Jeez honey, I got horrible breath!: A micro outlook on Globalization

by on June 12th, 2005

My mouth is positively rancid. It is stale with the decadence of excellent dark coffee (with sugar and without cream) brewed by a family of cheerful and industrious North Indians that run a Dunkin’ Donuts franchise store in a convenient and prosperous corner of a convenient and prosperous corner of Southern New Jersey called Voorhees.

I happen to speak the native language of these franchisees (amongst other ‘native languages’), whose physical characteristics range from swarthy to sallow, hairy to hairless, consisting of aquiline noses, defined, lined, weathered, features, and a menagerie of brown, hazel, grey, and green eyes, amongst which the brown dominates.

They refer to their customer as “buddy” in an accent that authenticates a rugged affability, a degree of assertiveness, an attitude of equality, and a very comfortable sort of foreignness that can make the intellectually blind and sensually cold ardent flagwaver at once rather uncomfortable.

However in Voorhees, the intellectually blind and the sensually cold are not found purchasing beverage or edibles at Dunkin’ Donuts, but rather in pockets of low income, archetypical neighborhoods, whose kind are rather rare in this township whose zip code is 08043.

Yea, they do drive around now and then in battered, tainted pickup trucks slapped with dollar store Americana on the bumper, in form of ‘pride’ stickers and ‘God Bless’ so and so’s; but not many take them and their shining bald heads and goat beards very seriously.

In these industrious immigrants there is a certain degree of aloofness.
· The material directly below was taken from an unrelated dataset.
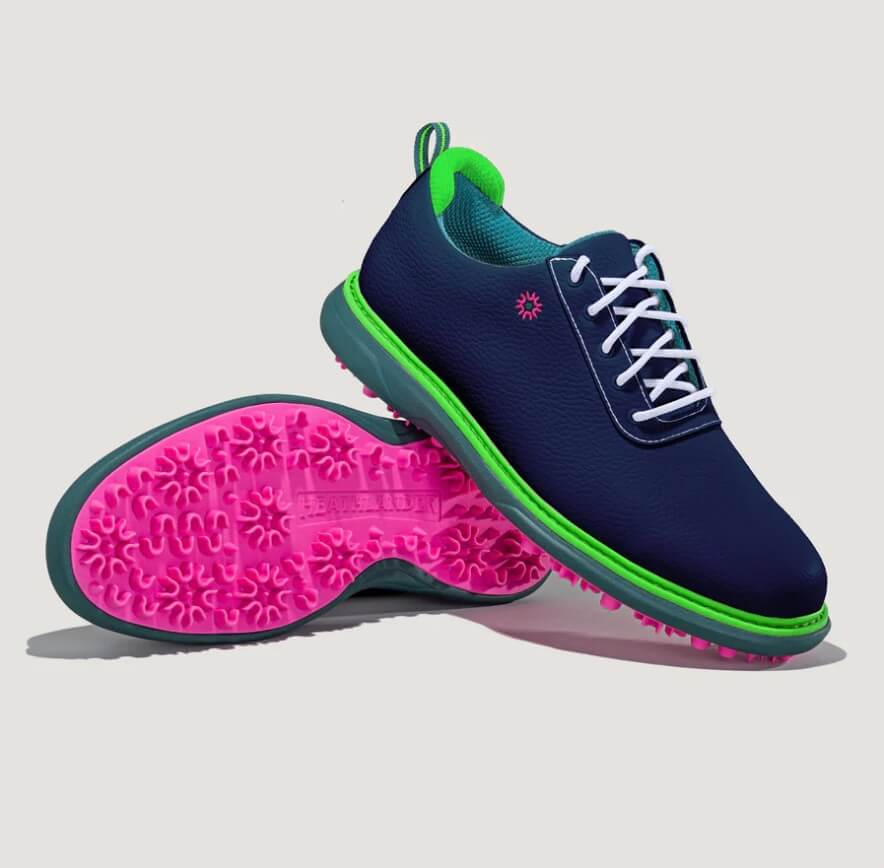 Navy golf shoes with pink soles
They are village-folks who traded their shovels and shack shops for a passport to the red, white, and blue.

They are resigned to the fact that they will ever be americans in a way most americans like to display themselves to fellow americans. Yet, in that resignation they discover a sense of humor: mixing in an insatiable curiosity with a non-condescending homespun amusement at the affectations and habits of weight conscious consumers.

There is something Irish, Italian, and Greek about them; though they understand little Italian, little Greek, and absolutely no Gaelic.
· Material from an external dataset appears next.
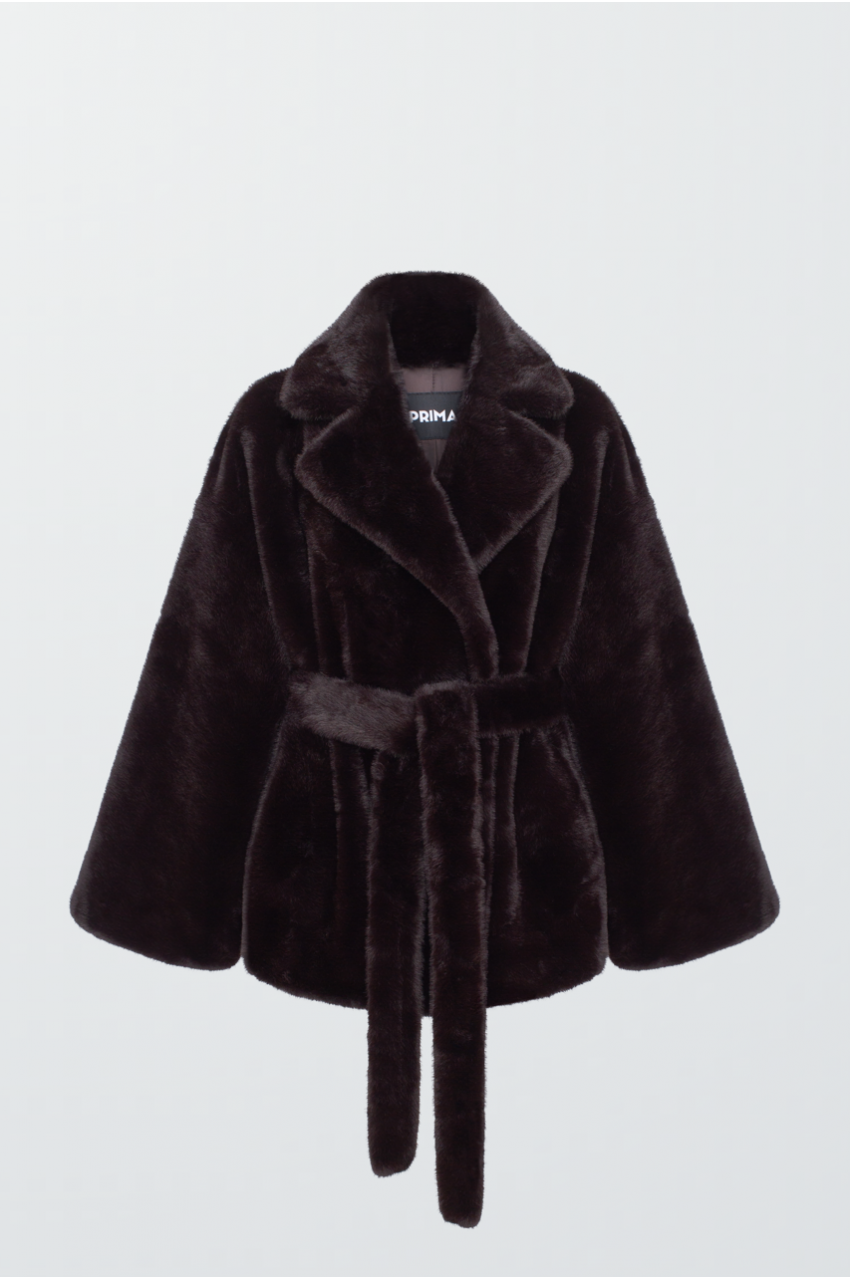 Chocolate-colored coat made of eco-friendly mink fur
In my regular visits to this store, from their perspective however, I am an unabashed intrigue, and therefore an outsider.

Friendly as they already are, these people have a habit of eyeing me closely, examining my face, my garb, my speech, and most importantly my habits.

I intuited that they were guessing anywhere from 15%:85%, 25%:75%, 35%:65% if I could possibly have been conceived in the same part of the world as they were, and even then, of similar parentage. The lower percentage indicated a suspicion favoring affirmation, and the higher indicated a suspicion favoring negation.

So I broached them with a smile and a fluent snippet of a foreign tongue: Hindi Aata Haiy? (Do you speak Hindi?).

These folks seemed relieved, yet their curiosity seemed to increase by the umpteenth degree. They were just told that I too was an Indian of the Northern part, but they found that hard to believe provided my manners, customs, speech, affiliation, dress, and pace.

They could not taxonomize it to anything resembling American, and they had a very hard time finding anything Indian in it. They were confounded with my express affability, ruggedness, gestured subtleties, measured, distinct and therefore a strange accent, metrosexual/corporate whippersnapper preppiness, and an amalgam and menagerie of personal quirks.

They almost took what may amount to ‘pride’ in me by extension. My North Indian birth and linguistic fluency certified some kind of a perceived kameradschaft , yet my hybrid Europoid/American tendencies and International tastes defined and fulfilled some kind of a yearning that they must have felt: a streamlined combination of the Orient and the Occident, where the modernity and unfettered energies of the Occident held the masthead, and the Orient cajoled, caressed, and coaxed a certain perennial wisdom comprising of ruggedness, viscerality, cosmicism, and indifference.

And while in the lull hours of that same day in the afternoon hours, engaged in ontological discussions with my sixty eight year old German-Yankee brother in the food court of the Voorhees Echelon mall; as I pick my teeth with a toothpick supplied by a rather maternal, and appreciative Aztec Mexican Subway Sandwich store owner on whose uniform the following title was embroidered: “Sandwich Artist”; I discern a certain dynamism, flair, ardency, and accouterment, vis a vis, a humanity, in the word “Globalization”.

Ah, mira querido doña, es buen tiempo acqui! Y, todos Gracias Señora por el ‘toothpick’! Usted eres muy simpatico.

Possibly bad grammar, but perfect accent: familiar enough to be thought of as an hispanoablante.

“Sweetie, your breath stinks! Go brush your teeth.”